III.  The Millennium:

 A.  Introductory Thoughts: One of the more controversial issues of the book of Revelation involves interpreting 20:1-10.  Look at that passage with me.  The text speaks of Christ reigning with believers for 1,000 years on the earth, while Satan is no longer allowed to deceive the nations.  This 1,000 year reign is referred to as the Millennium.  Yet, some difficult questions arise when considering this passage, such as: will Christ return before or after the Millennium begins?  Will there be one resurrection (believers and unbelievers) or will there be two (believers before, then unbelievers after the Millennium)?  Will the Church be present during the great tribulation that Christ speaks of in Matthew 24?  Who will be present and what will take place during the Millennium?  As you can see, there are many issues to discuss when considering this text and the issue of the Millennium.  Briefly, let’s consider the four major views of the millennium. 

(NOTE: These charts, courtesy of Justin Taylor's blog, are helpful.  Click here to download the PDF file.)

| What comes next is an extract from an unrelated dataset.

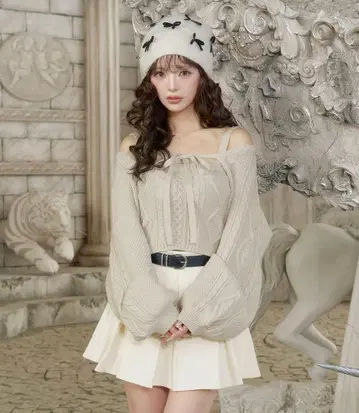 Darich 케이블 숏 니트 앙상블 IVO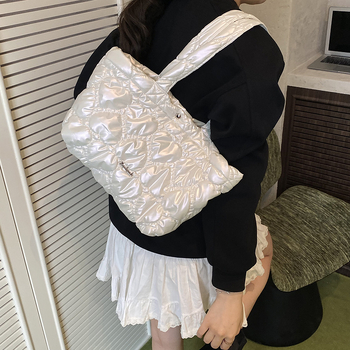 Ženska torba velikog kapaciteta, casual stil, torba preko ramena s vezenim srcem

 B.  Four Views of the Millennium
  1.  Amillennialism: This view sees Revelation 20:1-10 as referencing the present Church age.  In other words, when Christ was raised, Satan was bound (v. 1-3).  Christ is currently reigning from heaven with all the believers who have died.  Obviously, the Millennium is not a literal 1,000 years, but rather a reference to a lengthy period of time.  The first resurrection, mentioned in verses 5-6, refers to Christ’s resurrection and those saints who were raised with Him.  When Christ returns, at the end of the Millennium, everyone will be raised and judged and the eternal state will begin.  Although this is the simplest of explanations and holds to a resurrection of believers and unbelievers when Christ returns, it is hard to except the interpretation offered for Revelation 20:1-10.  For example, it does not seem, through experience or other passages, that Satan is currently shut up in the bottomless pit and unable to deceive the nations (see 2 Corinthians 4:4, 1 John 5:19).  Likewise, the explanation given for the first resurrection is difficult to defend as well.  However, there are some attractive points to this view like its simplicity and its holding to one future resurrection of believers and unbelievers.
  2.  Postmillennialism: As with the Amil. view, this view sees Christ as coming after the Millennium.  The Millennium will begin (or has begun) at an unknown time, possibly at the binding of Satan (v. 1-3) or another time.  Once the Millennium begins there will be a great expansion of Christianity throughout the world.  Following this, Christ will return to judge the world and begin the eternal state.  Of course, the real problem with this view is that the world is not becoming a better place and the Bible does not seem to support such an overly optimistic view of the end times (see 2 Timothy 3, Matthew 24).  During the World Wars, this view lost most of its support.  Seemingly, few hold to this position today.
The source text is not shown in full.